• **Task requirements**: Below are the records; extract from them the line containing "Then you have to go" to the line containing "Knowing a little", both lines included, exactly and with no pictures.

Stored data entries:
----------
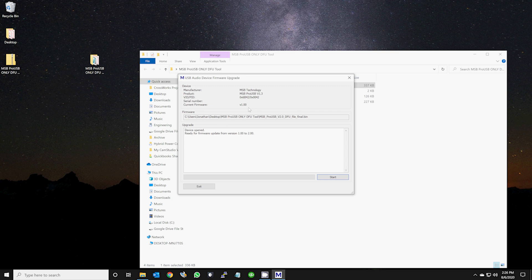As you can see in the video, the new install file is already selected. Simply click on the start button. The installation should take a few seconds.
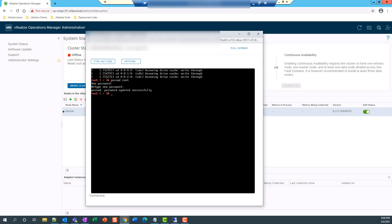So now we'll unlock the root account. And to do that, we will edit the system auth file. So I'm using the vi editor. And this is the location.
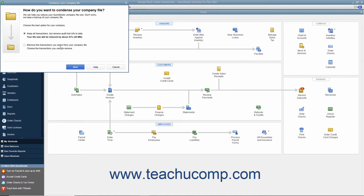Then answer the questions in each screen of the wizard that appears, and click the Next button to continue through the screens. If using QuickBooks 2019 or later, the first screen lets you select the 'Keep all transactions but remove audit trail info to date' option to only remove audit trail info.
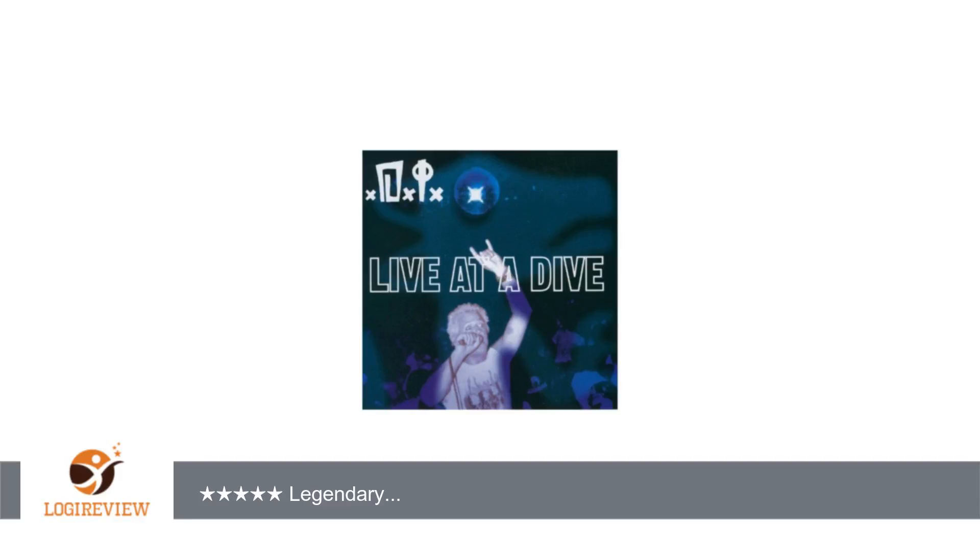But when he busted out on his own and started delivering stuff like OC Life and Richard Hung Himself, he definitively leapt into a league of his own. In fact, DI showcases how great the Adolescents really were.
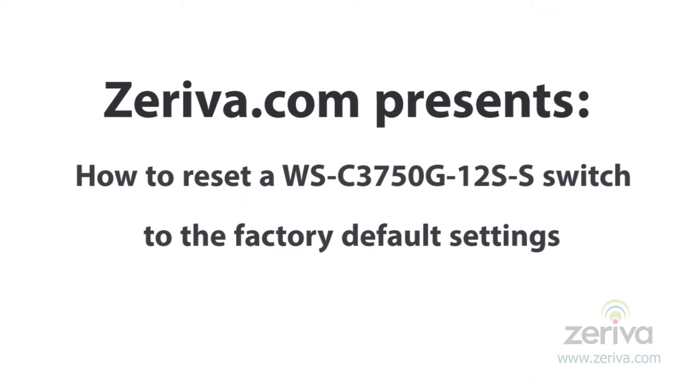Hi, thank you for visiting Zeriva.com's Tech Tips. In this video, we will be demonstrating how to reset a Cisco 3750G12SS switch to the factory default settings.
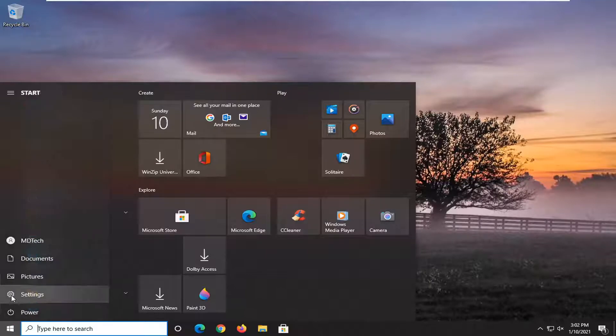Select the settings gear icon on the left side. When you hover over it, it says settings. Go ahead and left click on that.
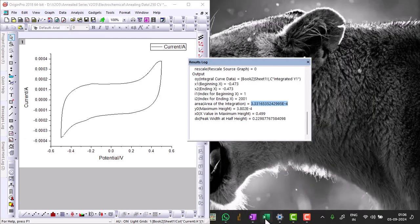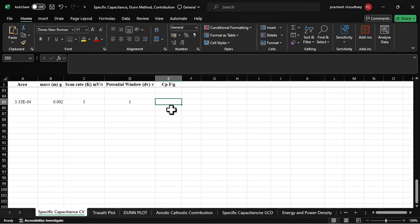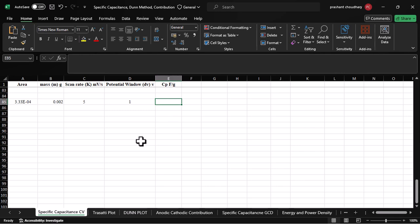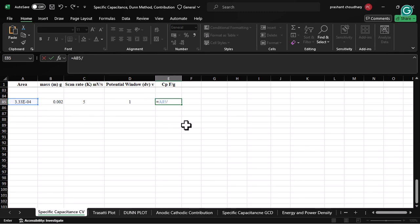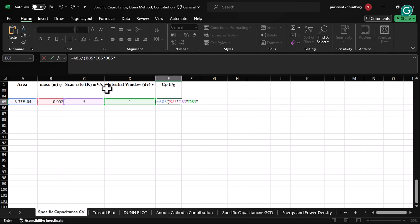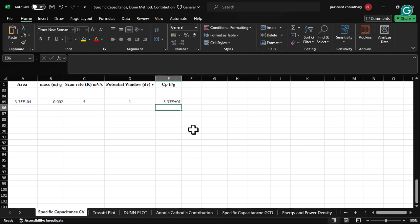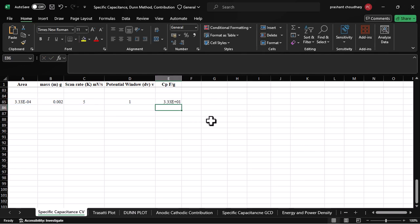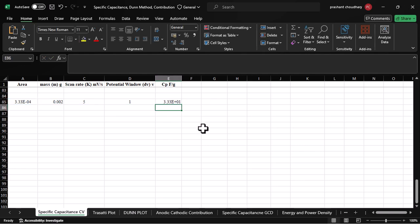The formula is: area divided by mass, multiplied by scan rate, multiplied by potential window. Since we're using mass in grams, we need to convert millivolts to volts, so I'm multiplying by 10 to the power of minus 3. This gives you the value of specific capacitance.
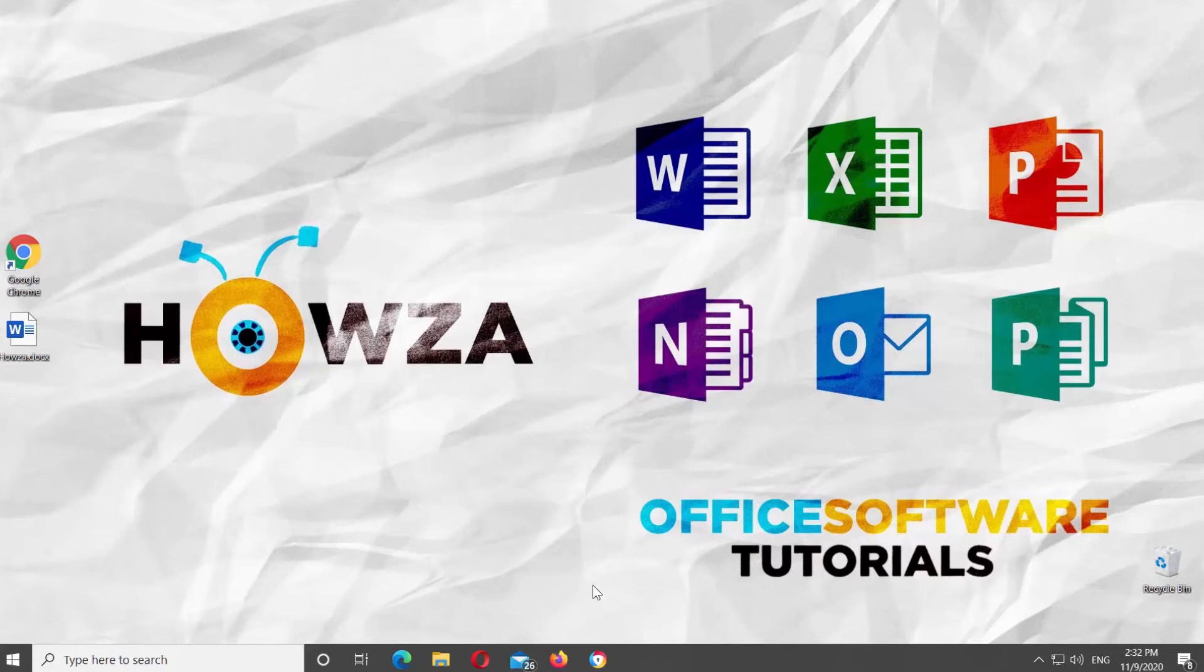Hey! Welcome to Howza Channel! In today's lesson, you will learn how to disable Control-Click to follow hyperlinks in Microsoft Word.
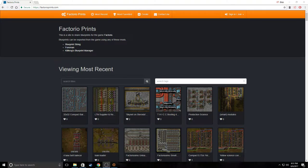What is up guys, today I'm going to be showing you how to use factorialprints.com to load blueprints into your Factorio world.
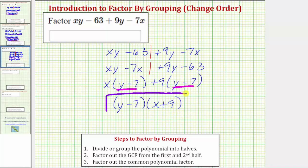Sometimes we do have to change the order of the terms in order for the technique of factor-by-grouping to work. I hope you found this helpful.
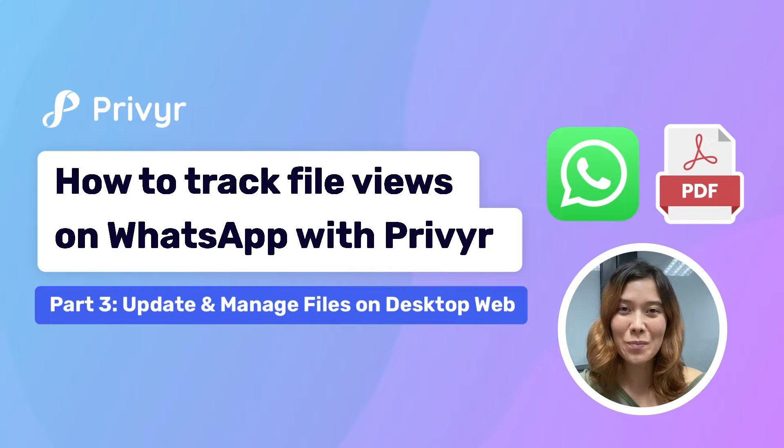Hi, I'm Kylie from Prevere and welcome back to our series about how to send and track files on WhatsApp using Prevere.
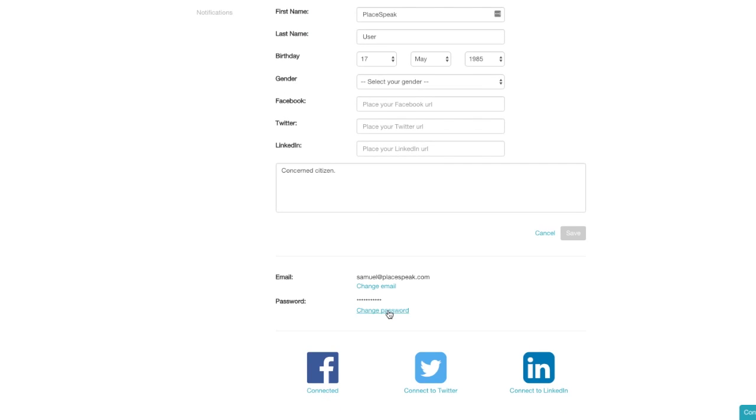You can change your password here. You can also connect to your Facebook, Twitter, and LinkedIn accounts.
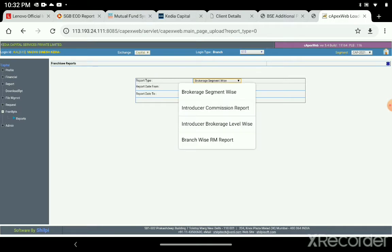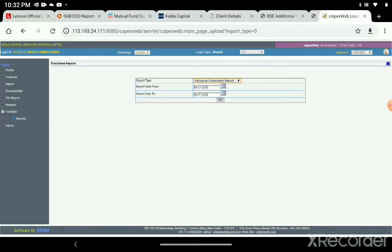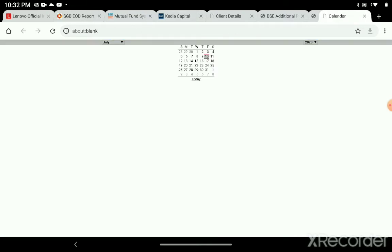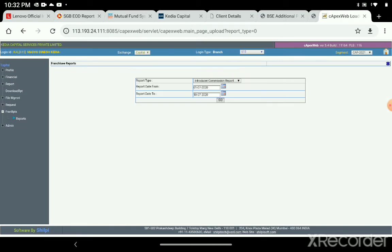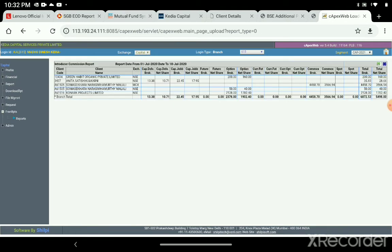Then you have to go to the second option, Introducer Commission Report, and select a date range. Suppose I am selecting from 1st July to 10th of this month. Then you have to click Go to see client-wise data.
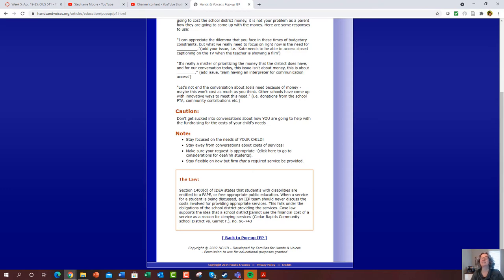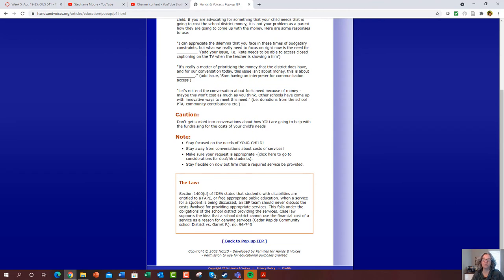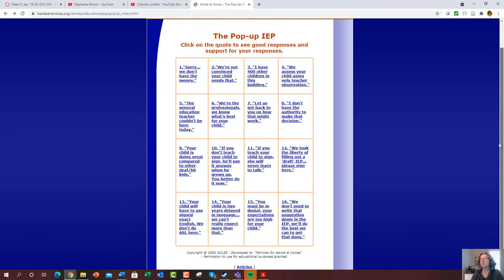When you click on that, it provides a quick description of what's problematic with that response, some cautions for the parent, sample responses they can use, and notes like: stay focused on the needs of your child, stay away from conversations about cost of services, stay flexible but firm. And then it provides the section of law that backs up the parent's position — rather than trying to turn a parent into a lawyer. As soon as we released this, it spread like wildfire.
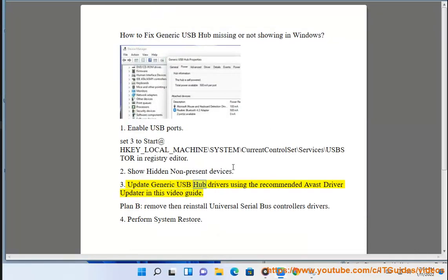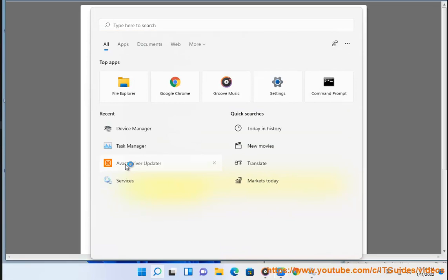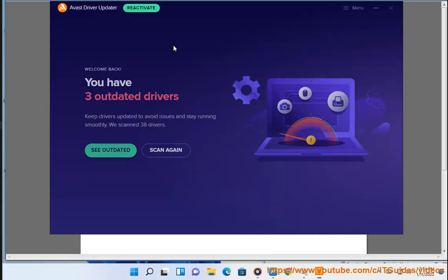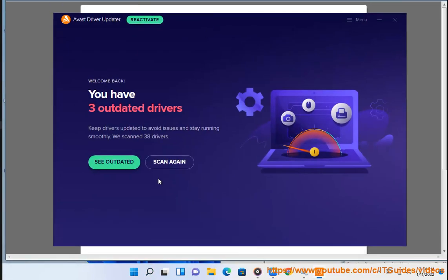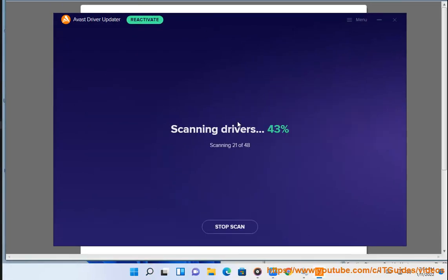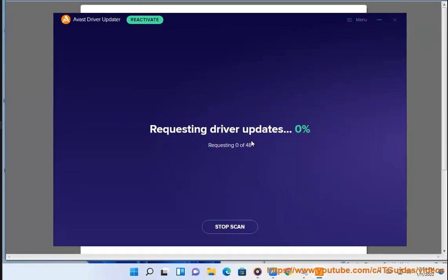Step 3: Update generic USB hub drivers using the recommended Avast driver updater shown in this video guide. Plan B: remove then reinstall Universal Serial Bus Controllers drivers.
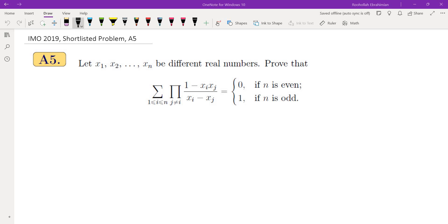The problem is asking us to prove an equality where x1 through xn are different real numbers, and the equality is the sum i goes from 1 to n of the product over j not equal to i of (1 - xi*xj) divided by (xi - xj).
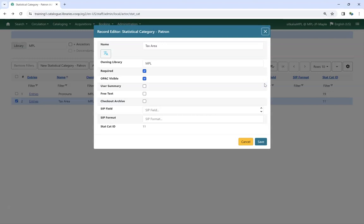You can edit the Statistical Category as needed, and then click Save.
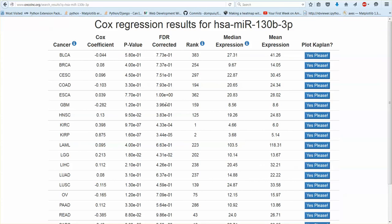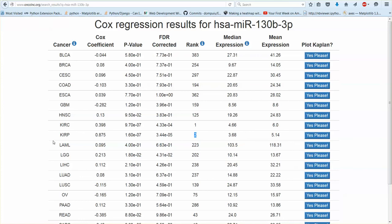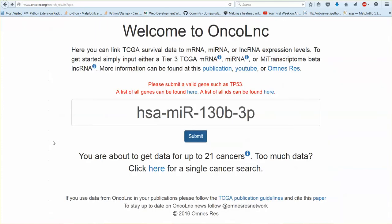Let's type that in there. Yeah so this one is actually really interesting because in KIRC it's ranked number one and KIRP it's ranked number two and they actually, I mean these are both kidney cancers and the expression is actually pretty similar as well. And the Cox coefficients are in the same direction so definitely looks like this microRNA could have a role in kidney cancer.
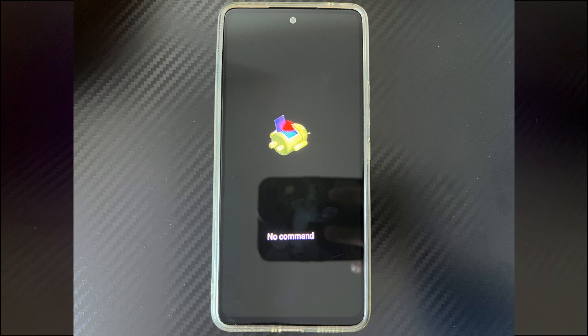Hi everyone, welcome to the Droidgy channel. Today's video will explain Android phone stuck on no command.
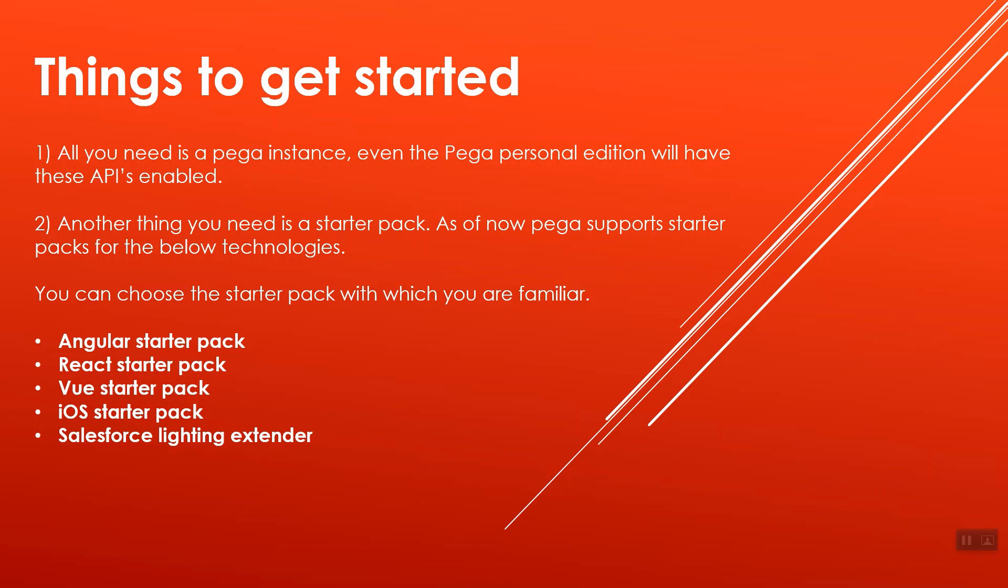Knowing a little about things, you now must be thinking about how to learn or explore things. All you need is a Pega instance. Even the Pega personal edition will have these APIs enabled.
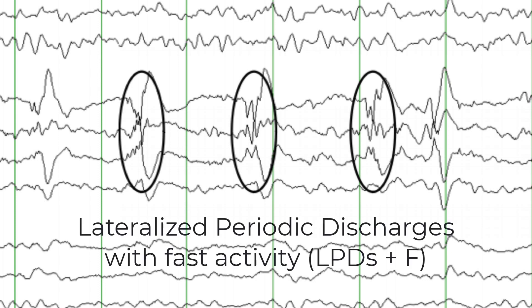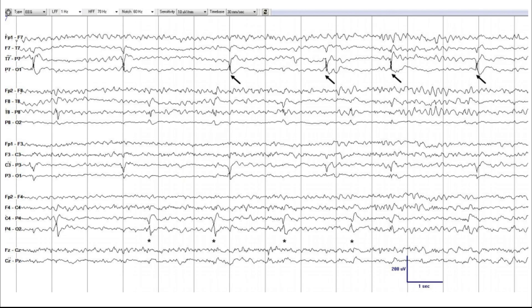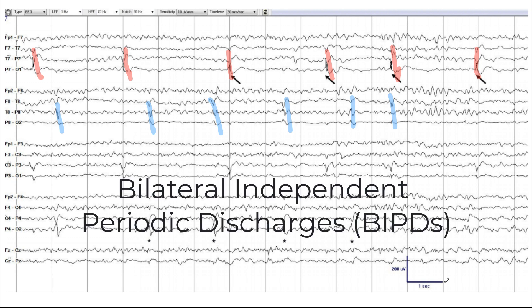Therefore we call those LPDs — lateralized periodic discharges — plus F for fast activity. In the next example, indicated by arrows, periodic discharges occur in the left posterior head region, and independently in the right hemisphere in the posterior head region on that side. Therefore we call these bilateral independent periodic discharges, or BIPDs, as there is an inter-discharge interval in each case and the two sets of discharges are independent of each other.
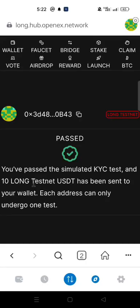These are the likely simulated KYC test questions and answers for OpenX testnet. Watch my video on how to withdraw your OPEX token. Make sure you subscribe to this channel if you have not done that before, turn on your notification bell, like this video, share this video. Thank you and see you in another one.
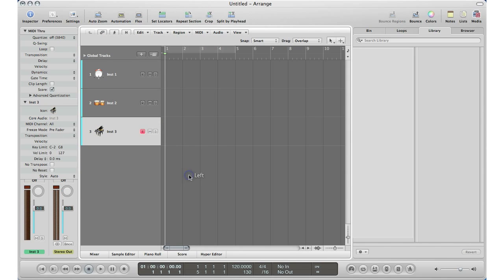And there you go — that is how you change the icons of your tracks in Logic. Briefly, if you want to know how to change them to custom icons, ask in the comments section and I'll probably post a video on that soon.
----------
• **Exercise answer**:
Then you have to go to the second option, Introducer Commission Report, and select a date range. Suppose I am selecting from 1st July to 10th of this month. Then you have to click Go to see client-wise data.
When you click on that, it provides a quick description of what's problematic with that response, some cautions for the parent, sample responses they can use, and notes like: stay focused on the needs of your child, stay away from conversations about cost of services, stay flexible but firm. And then it provides the section of law that backs up the parent's position — rather than trying to turn a parent into a lawyer. As soon as we released this, it spread like wildfire.
Step 3: Update generic USB hub drivers using the recommended Avast driver updater shown in this video guide. Plan B: remove then reinstall Universal Serial Bus Controllers drivers.
The problem is asking us to prove an equality where x1 through xn are different real numbers, and the equality is the sum i goes from 1 to n of the product over j not equal to i of (1 - xi*xj) divided by (xi - xj).
You can edit the Statistical Category as needed, and then click Save.
Let's type that in there. Yeah so this one is actually really interesting because in KIRC it's ranked number one and KIRP it's ranked number two and they actually, I mean these are both kidney cancers and the expression is actually pretty similar as well. And the Cox coefficients are in the same direction so definitely looks like this microRNA could have a role in kidney cancer.
Hi everyone, welcome to the Droidgy channel. Today's video will explain Android phone stuck on no command.
Knowing a little about things, you now must be thinking about how to learn or explore things. All you need is a Pega instance. Even the Pega personal edition will have these APIs enabled.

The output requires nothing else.